Paths to Literacy

for students who are blind or visually impaired

Thoughts on Early Intervention: All Lives Matter

Blake Lindsay skydivingThe other day when I was working with one of my students with multiple disabilities and a visual impairment, I heard heartbreaking words from a grieving parent, “Why are they still coming?” he asked with sadness. 
 

Supporting Parents During Home Visits

When the father asked his question, he did so without malice.  He truly wanted answers.  The comment was not meant to reach the ears of early childhood teachers and therapists, but it was a profound one!  While the physical therapist and I could see great strides the child was making, the dad was clearly disappointed.  In our view a child who should not be sitting up was.  A child who should not be making choices clearly is making them.  A child whose vision was a diagnosis of blindness was tracking and fixating on objects.
 
The therapist and I were not offended as we understood the underlying message in the young father’s words.  “Why isn’t my child doing what my other children did at this age?  What good is the therapy if he is not walking or talking?  Why make numerous appointments if all he will ever do is struggle and will never be, in the world’s definition, 'normal'?”
 
I chose my day and time to talk to the family, which was several weeks later to address an understandable question: “Why are they still coming?" My first response was to shout, “Because all lives matter!”
 

Discussing The Value of Early Intervention

When I saw the dad two months later, he smiled and nodded, as did I.  There was no anger directed at me, nor was I upset with his comment, as it is a very good question when facing unbelievable obstacles for your beautiful child.   Many parents realize at a certain time life isn’t fair.  However, as a vision teacher, I want to bring hope into the lives of every family I work with.
 
When I address hope with the families I make sure I am not misleading and being too “Pollyanna-ish”, as is my tendency at times. 
 
We talked about previous students I have met who had not had early intervention.  I was reminded of a young girl in the third grade who was taken away from her parents because they simply pushed her into a corner while she screamed.  In their minds, what did it matter?  The young girl was curled into the shape of the letter "c", and was totally blind and miserable.  Her legs were twisted and distorted, as were her hands.  She was the size of an average third grader, so for her new caregivers, the child's weight was enough to hurt their backs. 
 
The young father listened intently when I told the story of the young girl whose body is now permanently in the shape of a c.
 
I continued talking while he listened.

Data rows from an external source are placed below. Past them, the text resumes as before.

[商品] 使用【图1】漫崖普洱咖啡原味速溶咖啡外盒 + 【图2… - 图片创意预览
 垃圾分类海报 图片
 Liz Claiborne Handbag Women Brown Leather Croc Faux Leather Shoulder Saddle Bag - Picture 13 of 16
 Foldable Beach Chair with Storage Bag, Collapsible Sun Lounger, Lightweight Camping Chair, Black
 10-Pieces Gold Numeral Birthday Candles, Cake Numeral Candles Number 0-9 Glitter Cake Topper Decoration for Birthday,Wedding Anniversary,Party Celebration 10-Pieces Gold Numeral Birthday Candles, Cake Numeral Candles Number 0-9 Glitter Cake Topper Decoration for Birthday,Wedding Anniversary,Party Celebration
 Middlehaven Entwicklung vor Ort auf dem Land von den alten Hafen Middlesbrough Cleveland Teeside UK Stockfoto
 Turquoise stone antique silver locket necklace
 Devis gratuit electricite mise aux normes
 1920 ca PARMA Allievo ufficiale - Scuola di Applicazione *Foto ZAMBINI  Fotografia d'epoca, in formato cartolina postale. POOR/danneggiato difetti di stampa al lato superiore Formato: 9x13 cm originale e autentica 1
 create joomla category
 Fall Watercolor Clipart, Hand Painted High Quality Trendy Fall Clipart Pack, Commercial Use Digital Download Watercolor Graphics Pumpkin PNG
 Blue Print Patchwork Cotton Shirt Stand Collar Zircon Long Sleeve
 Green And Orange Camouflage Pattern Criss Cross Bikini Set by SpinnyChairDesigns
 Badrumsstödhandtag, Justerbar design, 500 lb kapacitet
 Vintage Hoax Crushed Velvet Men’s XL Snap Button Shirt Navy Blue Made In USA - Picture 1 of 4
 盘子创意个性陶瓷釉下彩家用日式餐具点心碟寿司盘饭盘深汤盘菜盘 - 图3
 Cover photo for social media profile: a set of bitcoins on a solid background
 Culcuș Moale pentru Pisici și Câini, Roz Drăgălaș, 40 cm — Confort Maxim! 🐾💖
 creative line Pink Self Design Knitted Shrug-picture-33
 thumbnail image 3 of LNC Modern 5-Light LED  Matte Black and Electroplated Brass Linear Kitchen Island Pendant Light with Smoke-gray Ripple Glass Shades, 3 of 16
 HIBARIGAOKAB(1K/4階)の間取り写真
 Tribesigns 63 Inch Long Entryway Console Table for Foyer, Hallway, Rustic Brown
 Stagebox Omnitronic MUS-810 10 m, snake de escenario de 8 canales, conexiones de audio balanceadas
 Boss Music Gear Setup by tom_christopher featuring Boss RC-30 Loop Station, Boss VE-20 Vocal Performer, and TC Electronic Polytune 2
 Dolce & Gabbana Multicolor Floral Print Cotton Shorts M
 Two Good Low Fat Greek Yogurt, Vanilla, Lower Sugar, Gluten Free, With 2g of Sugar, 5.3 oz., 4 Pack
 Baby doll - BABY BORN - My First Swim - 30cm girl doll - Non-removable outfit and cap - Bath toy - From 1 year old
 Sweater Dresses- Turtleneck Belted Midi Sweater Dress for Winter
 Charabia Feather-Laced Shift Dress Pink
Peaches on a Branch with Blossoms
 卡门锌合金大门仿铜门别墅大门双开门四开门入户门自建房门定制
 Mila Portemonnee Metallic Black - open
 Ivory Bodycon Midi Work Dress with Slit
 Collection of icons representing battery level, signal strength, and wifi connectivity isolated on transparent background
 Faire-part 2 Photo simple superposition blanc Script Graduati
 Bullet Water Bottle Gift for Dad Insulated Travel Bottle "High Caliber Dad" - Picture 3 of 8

We want our children to be happy, to have the best quality of life, and to be as independent as possible.  I showed him a YouTube video of student of mine who, as a toddler and young grade school child, could not walk, but who now walks, runs, and preaches at his church. 
 
He was amazed and continued to listen.
 

Identifying the Child's Interests and Strengths

Name his likes for me. He likes music correct?  The father agreed.  He likes people. He smiles and socializes through noises. His feet are in perfect shape, as are his legs, hands and fingers. 
 
How nice it will be when he walks across the floor with a gait trainer or a simple belt, makes choices through switches and other devices. 
 
We discussed that there would not be issues with gangs or drug use, and how all parents will struggle with their children, with or not they are disabled. 
 
He smiled and nodded.
 

Shifting the Paradigm Through Parent Education

Parent education should be provided through teachers and therapists, and hopefully will help parents to understand why we continue to come weekly and work with a child who is different from others. 
 
When there is a shift in paradigm, the family sees the hope for their child who needs therapy, and whom the world will see through different eyes.
 
We discussed the fact that no one is completely independent, as we as humans are all interdependent on each other.  After all, I cannot drill my own teeth, I live with my sister, and I go to restaurants, since I am not known for my cooking skills. 
 
Why are we still coming week after week? It is because all humans have the right to learn and have the best life possible.   Everyone can make a true difference in the community, no matter how small or large the contribution. 
 
In Dallas, Texas and after the shooting deaths of many courageous police officers, Dallasites have come together for peaceful protest and want an end to the violence, as all lives matter!
 
I thought about my students who have special needs after watching the chaos in my own city.  I work hard for my students and their parents because, like the peaceful protestors claimed, “All lives do matter!” 
 

 

 

Comments

Wonderful post!

Posted by Linda Raleigh

Posted on July 25, 2016
Updated on: February 7, 2018

Previous comments for Thoughts on Early Intervention: All Lives Matter

Linda Raleigh commented on February 22, 2017

Kristie, I'm so thankful I finally found your blog posts. Now I can catch up! I just read the one concerning early intervention and the father's question of "Why do they still come?". It was spot on! I am going to share it with my entire early intervention team. It was a boost for me, encouraging that positive attitude in looking for every gain. Thanks for sharing!